Mr. Elliott of Los Angeles is a political hack, unillusioned, practical, alert. He managed Senator McAdoo's successful campaign in 1932. Perceiving how ebullient Sheridan Downey from northern California (Atherton, hard by Herbert Hoover's Palo Alto) had run ahead of Author Sinclair in the EPIC campaign, Jackson Elliott cocked an eye at him for 1938 because he knew where lay the biggest unstaked bloc of votes for that yearamong EPIC and Townsend-conscious oldsters.
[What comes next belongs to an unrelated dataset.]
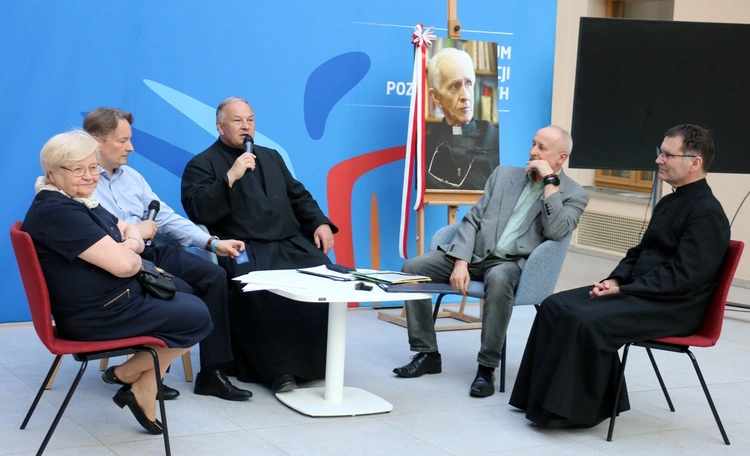 Ojca Huberta Czumę wspominano w Kamienicy Deskurów.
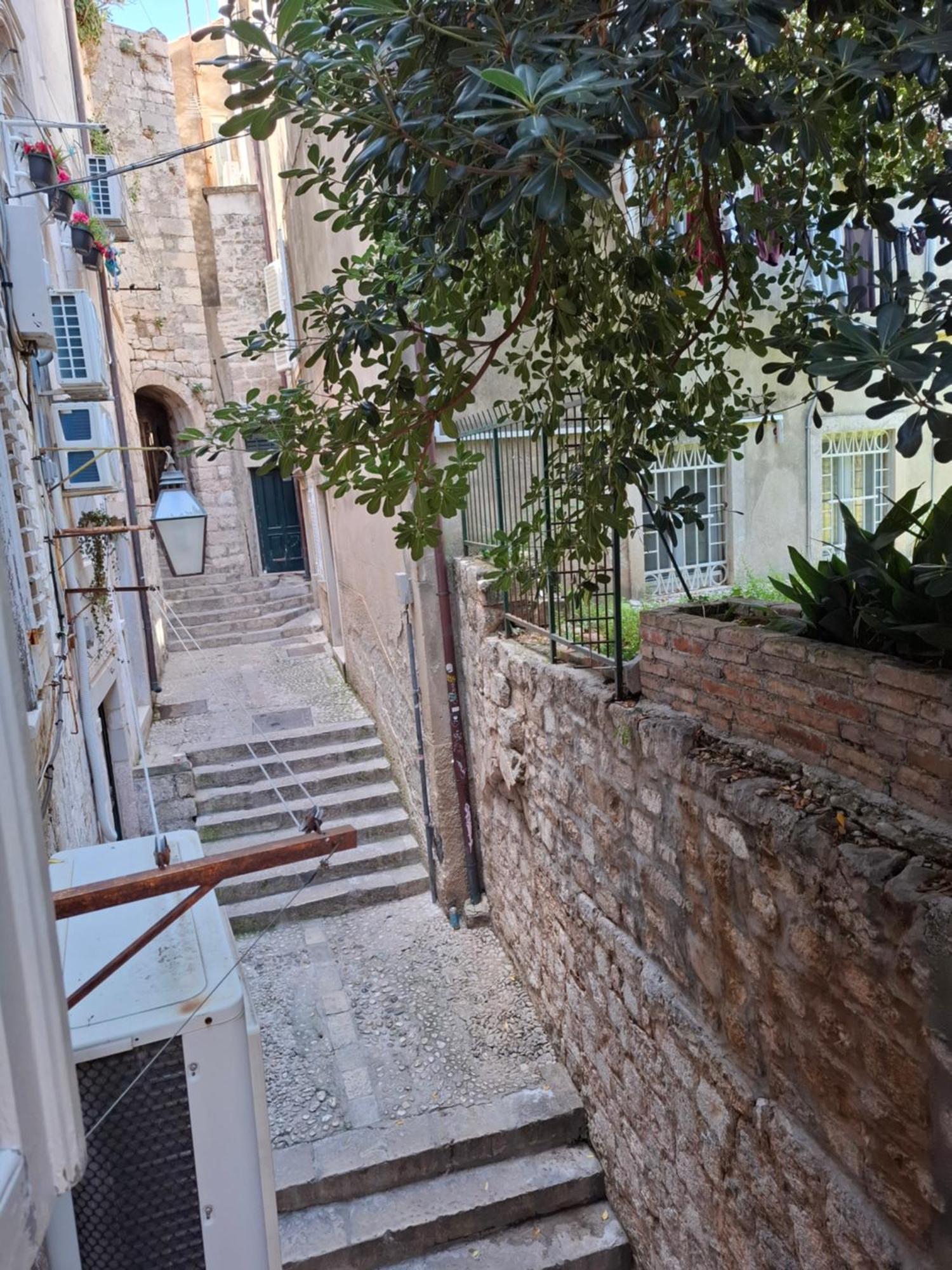 Ella Appartement *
Franklin Roosevelt refers to the leaders of such movements as the "lunatic fringe." Their lunacy, if such it is, is ever among human beings, the urge of Something for Nothing. The moon which causes that lunacy may be the earth's satellite or human evolution, but the moon is powerful. It has created a tide in the affairs of men which this year crested in California under the name of "Thirty Dollars Every Thursday," alias "Ham & Eggs." Under this scheme the State would give everyone aged 50 or more $30 of State scrip every Thursday and retire the scrip with a 2¢ weekly stamp tax on every warrant issued.
Across the country, as smart Jackson Elliott could see, the pension wave had lesser crests, and in California spring tide seemed at hand. California the wonderland, California the rugged and golden, lies at that edge of the continent where the migrations that made the nation ended. There the last vanguard of pioneers halted and the rearguard of sick, halt, lame, blind, crooked and crazy have caught up. It is a home of saints and scoundrels, heroines and houris. There since Depression I has grown up a strange society in which men born in the great open spaces and hardshells with their feet two generations planted were artificially mixed with sunkist visitors and moonstruck social freaks.
Green Cheese. If the political potency of pension promises is the result of lunacy, then California is not alone in being moonstruck. Lee ("Pass the Biscuits Pappy") O'Daniel demonstrated the stump value of old age pensions in winning the Democratic nomination (virtual election) for Governor of Texas. Colorado is going gently broke because its promisers tried to give the oldsters too much ($45 a month). Last week Franklin Roosevelt, the smartest politician in the big U. S., recommended that the Social Security Act should be revised to extend its benefits to another 16,000,000.